Friday, August 20th 2021
Intel Ponte Vecchio Early Silicon Puts Out 45 TFLOPs FP32 at 1.37 GHz, Already Beats NVIDIA A100 and AMD MI100
Intel in its 2021 Architecture Day presentation put out fine technical details of its Xe HPC Ponte Vecchio accelerator, including some [very] preliminary performance claims for its current A0-silicon-based prototype. The prototype operates at 1.37 GHz, but achieves out at least 45 TFLOPs of FP32 throughput. We calculated the clock speed based on simple math. Intel obtained the 45 TFLOPs number on a machine running a single Ponte Vecchio OAM (single MCM with two stacks), and a Xeon "Sapphire Rapids" CPU. 45 TFLOPs sees the processor already beat the advertised 19.5 TFLOPs of the NVIDIA "Ampere" A100 Tensor Core 40 GB processor. AMD isn't faring any better, with its production Instinct MI100 processor only offering 23.1 TFLOPs FP32."A0 silicon" is the first batch of chips that come back from the foundry after the tapeout. It's a prototype that is likely circulated within Intel internally, and to a very exclusive group of ISVs and industry partners, under very strict NDAs. It is common practice to ship prototypes with significantly lower clock speeds than what the silicon is capable of, at least to the ISVs, so they can test for functionality and begin developing software for the silicon.Our math for the clock speed is as follows. Intel, in the presentation mentions that each package (OAM) puts out a throughput of 32,768 FP32 ops per clock cycle. It also says that a 2-stack (one package) amounts to 128 Xe-cores, and that each Xe HPC core Vector Engine offers 256 FP32 ops per clock cycle. These add up to 32,768 FP32 ops/clock for one package (a 2-stack). From here, we calculate that 45,000 GFLOPs (measured in clpeak by the way), divided by 32,768 FP32 ops/clock, amounts to 1373 MHz clock speed. A production stepping will likely have higher clock speeds, and throughput scales linearly, but even 1.37 GHz seems like a number Intel could finalize on, given the sheer size and "weight" (power draw) of the silicon (rumored to be 600 W for A0). All this power comes with great thermal costs, with Intel requiring liquid cooling for the OAMs. If these numbers can make it into the final product, then Intel has very well broken through into the HPC space in a big way.

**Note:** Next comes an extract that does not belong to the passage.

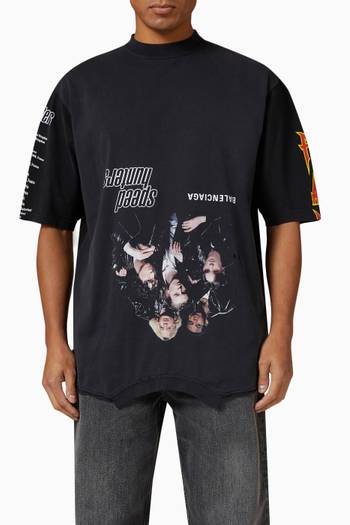 speed hunter upside down t shirt oversized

48 Comments on Intel Ponte Vecchio Early Silicon Puts Out 45 TFLOPs FP32 at 1.37 GHz, Already Beats NVIDIA A100 and AMD MI100
This picture is a pretty big deal if Intel is being honest about the architecture.
Xe-link is probably not a crossbar as indicated in the picture (I'm assuming its closer to a CLOS network or Benes Network). But the idea is that a switch can provide an any-to-any connection at full speed between all nodes. If they're really using a good switching fabric and can provide full throughput between all nodes, then they're going to be a worthy competitor against NVidia's NVLink technology.
InfiniBand - Wikipedia
Coming in at 1/12th the speed of NVidia is fine for a 1st gen product, but they'll have to catch up quickly after proving themselves. The speeds of these links are an order of magnitude more bandwidth than what even InfiniBand offers.
I'd interpret this slide as "crossbar"
And availability before ponte vecchio
With 70-75 tflops FP32 ....
Unfortunately, its giving me more questions rather than answers. The ArchDay21claims site doesn't provide details (edc.intel.com/content/www/us/en/products/performance/benchmarks/architecture-day-2021/). I don't know if that's 90 Gbit/sec or if its 90 GByte/sec for example.
8x links gets us to 720 "G" per second, hopefully that's "GBytes" which would be a bit faster than NVSwitch and competitive. But if its "Gbits", then that's only 90GByte/sec (which is probably passable, but much slower than NVidia). Its "passable" because 16x PCIe 4 is just 32GByte/sec, so really, anything "faster than PCIe" is kind of a win. But I'm assuming Intel is aiming at the big boy, the A100 600GByte/sec fabric.
------
Note: most "crossbars" are just nonblocking CLOS networks. :) I think people use the term "crossbar" as shorthand for a "switch that has no restriction on bandwidth" (which a nonblocking CLOS network qualifies), and not necessarily a "physical crossbar" (which takes up O(n^2 space), while CLOS network is O(n*log(n)) space)
AVX512, A100, MI100, etc. etc. All the same. If you double the bits, you double the ram-bandwidth needed and therefore half the speed (100 64-bit numbers is 800 bytes. 100x32-bit numbers is just 400 bytes).
Since RAM is moving effectively at half speed, it "just makes sense" for compute to also move at 1/2 speed.
And only 9.7 FP64 TFlops.
The Tensor-flops are an elevated number that only deep-learning folk care about (and apparently not all deep learning folk are using those tensor cores). Achieving ~20 FP32 TFlops general-purpose code is basically the best today (MI100 is a little bit faster, but without as much of that NVlink thing going on).
So 45 TFlops of FP32 is pretty huge by today's standards. However, Intel is going to be competing against the next-generation products, not the A100. I'm sure NVidia is going to grow, but 45TFlops per card is probably going to be competitive. Fully connected is stupid. It means that of the 720 G (bit? Byte?) available to Node A (90 G x 8 connections in NodeA), but you only have 90G wired between Node A and Node B. Which means, Node A and B can only ever talk at 90G speeds.
What if Node B has all of the data that's important for the calculation? Well, you'd like it if NodeA can communicate at 720 G (byte/sec ??) with Node B. You have 8x SerDes after all, it'd be nice to "gang up" those Serdes and have them work together.
Both a crossbar and a CLOS network would allow that. A fully connected topology cannot. This is the difference between Zen1 and Zen2, where Zen2 has a switch (probably a CLOS network, might be a crossbar) efficiently allocating RAM to all 8-nodes. Zen1 was fully connected (Node 1 had a high speed connection to Node 2, Node 3, and Node 4).
That switch is in fact, a big deal, and the key to scalability.